The shaft is 1/2" all thread. It moves with the bin that holds the frames. It has a bearing at it s base and near the top. I used the all thread so I could easily attach a bearing.


----------



## mroark (Oct 2, 2012)

double post oops


----------



## mroark (Oct 2, 2012)

Urbannewbee said:


> Beautiful! Did you design it yourself, or work from plans?
> 
> The only thing I'd worry about with the plastic bin is if there's enough weight at the bottom?


I didnt have any plans. I used these 2 as visual guides.

http://www.flickr.com/photos/[email protected]/
http://www.littlehouseonthebighill.c...php?detail=125

I wouldn't worry about it moving around. I'm building a stand today. It will be quite stationary when I am done.


----------



## wglord (Nov 23, 2009)

If you guys want to see a good set of plans Google 'Bush mechanic' for an excellent extractor. It uses a 55 gal plastic food grade barrel, a threaded rod set in 2 bearings set into wooden cross bars and 2 bicycle rims to hold the frames. I made one for a demo on a development project I worked on in Malawi 3 years ago and it works like a charm. I ran it with a 1/2 inch drill and used a Mann lake honey gate. Great, simple design.

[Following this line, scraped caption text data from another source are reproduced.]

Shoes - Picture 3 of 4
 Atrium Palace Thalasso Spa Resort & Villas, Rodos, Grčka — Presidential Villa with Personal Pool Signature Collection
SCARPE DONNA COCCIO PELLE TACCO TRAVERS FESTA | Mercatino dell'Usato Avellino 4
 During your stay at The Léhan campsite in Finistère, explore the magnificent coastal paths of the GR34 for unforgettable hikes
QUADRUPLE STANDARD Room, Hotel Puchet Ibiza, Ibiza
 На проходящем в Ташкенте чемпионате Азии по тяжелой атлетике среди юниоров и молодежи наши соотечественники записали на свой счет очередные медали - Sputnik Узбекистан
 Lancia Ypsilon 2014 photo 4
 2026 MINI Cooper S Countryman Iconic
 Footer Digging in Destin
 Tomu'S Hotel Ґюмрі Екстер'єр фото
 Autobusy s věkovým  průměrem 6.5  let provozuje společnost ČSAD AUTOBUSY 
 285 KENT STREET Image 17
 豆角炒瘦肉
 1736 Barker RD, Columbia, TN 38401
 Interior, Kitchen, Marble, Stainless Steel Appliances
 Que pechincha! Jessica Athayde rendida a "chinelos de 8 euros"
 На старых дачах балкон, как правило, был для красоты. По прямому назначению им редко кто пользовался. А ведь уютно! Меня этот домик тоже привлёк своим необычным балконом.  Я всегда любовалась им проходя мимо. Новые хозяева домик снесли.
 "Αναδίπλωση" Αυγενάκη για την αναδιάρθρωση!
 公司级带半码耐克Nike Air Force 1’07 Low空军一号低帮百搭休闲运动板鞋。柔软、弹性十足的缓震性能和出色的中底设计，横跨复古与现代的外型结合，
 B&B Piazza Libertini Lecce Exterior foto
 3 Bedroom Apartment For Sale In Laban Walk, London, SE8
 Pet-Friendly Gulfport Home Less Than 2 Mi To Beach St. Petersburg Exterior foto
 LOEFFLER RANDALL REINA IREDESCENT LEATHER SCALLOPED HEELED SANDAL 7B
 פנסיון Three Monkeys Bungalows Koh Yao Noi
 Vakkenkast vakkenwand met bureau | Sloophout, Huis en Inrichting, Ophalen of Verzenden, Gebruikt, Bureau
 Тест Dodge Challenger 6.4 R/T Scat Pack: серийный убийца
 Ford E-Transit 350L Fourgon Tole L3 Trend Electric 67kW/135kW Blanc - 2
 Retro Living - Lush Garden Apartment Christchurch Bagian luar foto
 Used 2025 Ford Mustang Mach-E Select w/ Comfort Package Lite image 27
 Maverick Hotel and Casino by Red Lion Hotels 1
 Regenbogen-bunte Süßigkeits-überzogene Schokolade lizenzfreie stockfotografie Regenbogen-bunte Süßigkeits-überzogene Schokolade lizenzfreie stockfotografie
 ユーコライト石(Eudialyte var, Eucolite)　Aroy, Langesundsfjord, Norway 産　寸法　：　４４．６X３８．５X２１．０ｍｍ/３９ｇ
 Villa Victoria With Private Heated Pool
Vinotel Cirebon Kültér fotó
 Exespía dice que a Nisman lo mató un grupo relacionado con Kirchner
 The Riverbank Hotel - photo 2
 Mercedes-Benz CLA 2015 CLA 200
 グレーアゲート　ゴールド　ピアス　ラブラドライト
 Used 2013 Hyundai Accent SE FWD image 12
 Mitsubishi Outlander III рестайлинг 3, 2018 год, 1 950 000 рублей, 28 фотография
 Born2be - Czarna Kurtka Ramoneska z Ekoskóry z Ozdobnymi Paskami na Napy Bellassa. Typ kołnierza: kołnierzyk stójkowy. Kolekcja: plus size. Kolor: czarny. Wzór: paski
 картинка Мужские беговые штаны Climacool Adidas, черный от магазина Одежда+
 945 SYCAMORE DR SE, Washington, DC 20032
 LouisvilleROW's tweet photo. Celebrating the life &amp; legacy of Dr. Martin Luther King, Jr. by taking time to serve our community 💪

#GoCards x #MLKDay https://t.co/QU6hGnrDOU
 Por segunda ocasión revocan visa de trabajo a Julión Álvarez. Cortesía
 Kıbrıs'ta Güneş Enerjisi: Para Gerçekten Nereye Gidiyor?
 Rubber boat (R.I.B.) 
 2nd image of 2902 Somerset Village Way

The only trick is to find a set of bicycle rims that fit inside the barrel. I spray painted everything with oil based spray paint and ran 10 medium supers through it for a trial.


----------



## mroark (Oct 2, 2012)

wglord said:


> If you guys want to see a good set of plans Google 'Bush mechanic' for an excellent extractor. It uses a 55 gal plastic food grade barrel, a threaded rod set in 2 bearings set into wooden cross bars and 2 bicycle rims to hold the frames. I made one for a demo on a development project I worked on in Malawi 3 years ago and it works like a charm. I ran it with a 1/2 inch drill and used a Mann lake honey gate. Great, simple design. The only trick is to find a set of bicycle rims that fit inside the barrel. I spray painted everything with oil based spray paint and ran 10 medium supers through it for a trial.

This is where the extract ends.